Last time I posted a question I waited for more than a couple of hours. Also, as of now, I tried so many times to ask questions there and I never get any answers that it seems silly to keep trying. I can't leave the IRC chat opened 24/7, unfortunately.

Parovozik commented 7 years ago

Ingame on current builds (Vulkan). Visible only HUD and some lighting effects xenia fist of star 1 vk mp4_snapshot_02 47_ 2017 04 12_03 18 01 xenia fist of star 1 vk mp4_snapshot_02 47_ 2017 04 12_03 18 22

jackchentwkh commented 7 years ago

you have to use a 7-24 client for IRC in order to keep all the conversation logged. That's not possible for everyone. I have the same problem, too. on the other hand, github has gitter_im, which is similar to IRC, but you don't have to be online for 7-24, all messages will be logged. Benvanik has a gitter im at Benvanik/Xenia, why not use that? or create a new one?

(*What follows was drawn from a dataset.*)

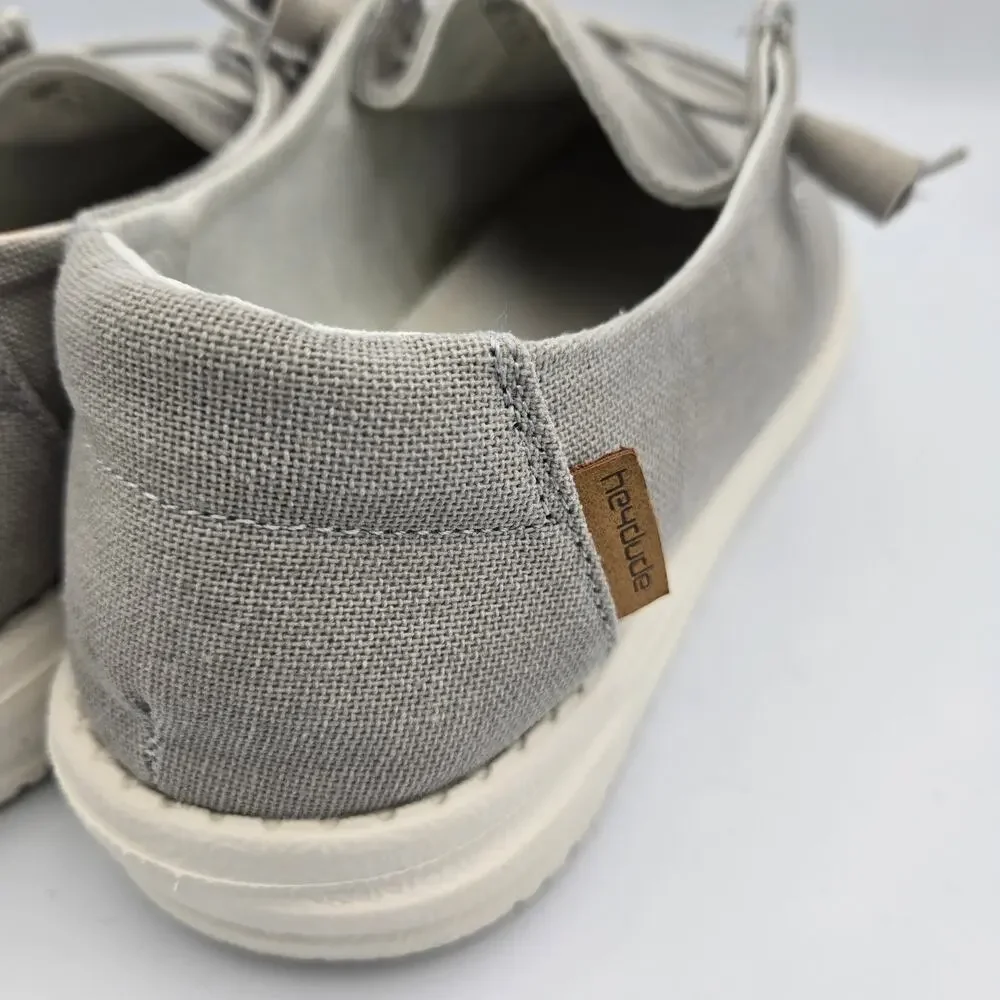 Hey Dude Wendy Chambray Light Grey Slip‑On Shoes – Women’s 8
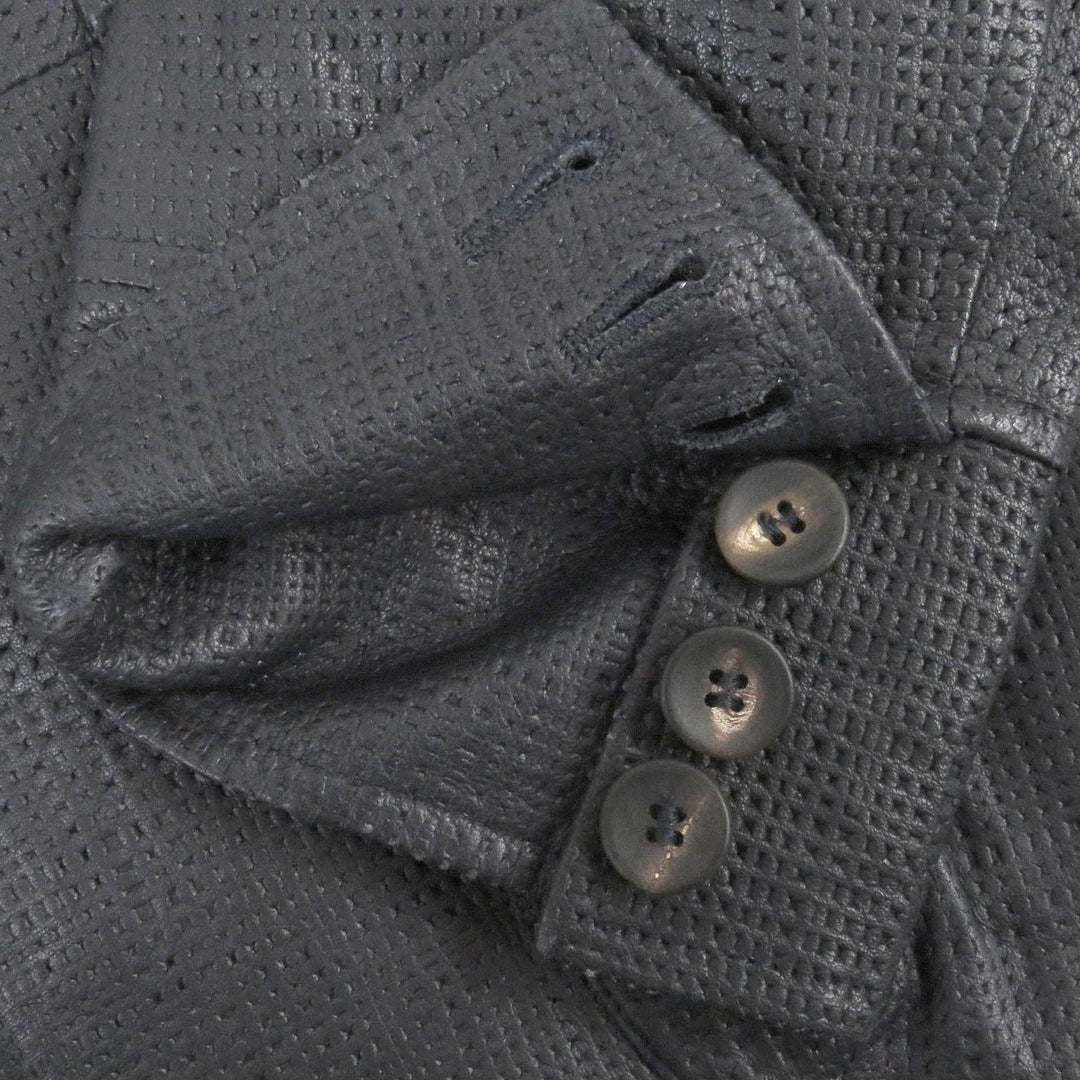 GIORGIO ARMANI leather jacket Outer: 100% lamb leather, lining: 100% cotton Navy mens 52 Used Authentic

cesys commented 7 years ago

@jackchentwkh , I'll try that but it seems to unrelated to the xenia-dev IRC channel. @Parovozik , which build are you using. In the latest build you should get an assertion about some missing shader translations before entering the ingame. Did you commented the assertion an recompiled? Anyway, that's where I've got too after commenting the assertion, but before taking a look to the missing shader translations I wanted to get familiar to Vulkan/Xenia integration through this reds/blues swap issue.

cesys commented 7 years ago

@DrChat , any news about the render pass on VkImages? Did you gathered any thoughts on that?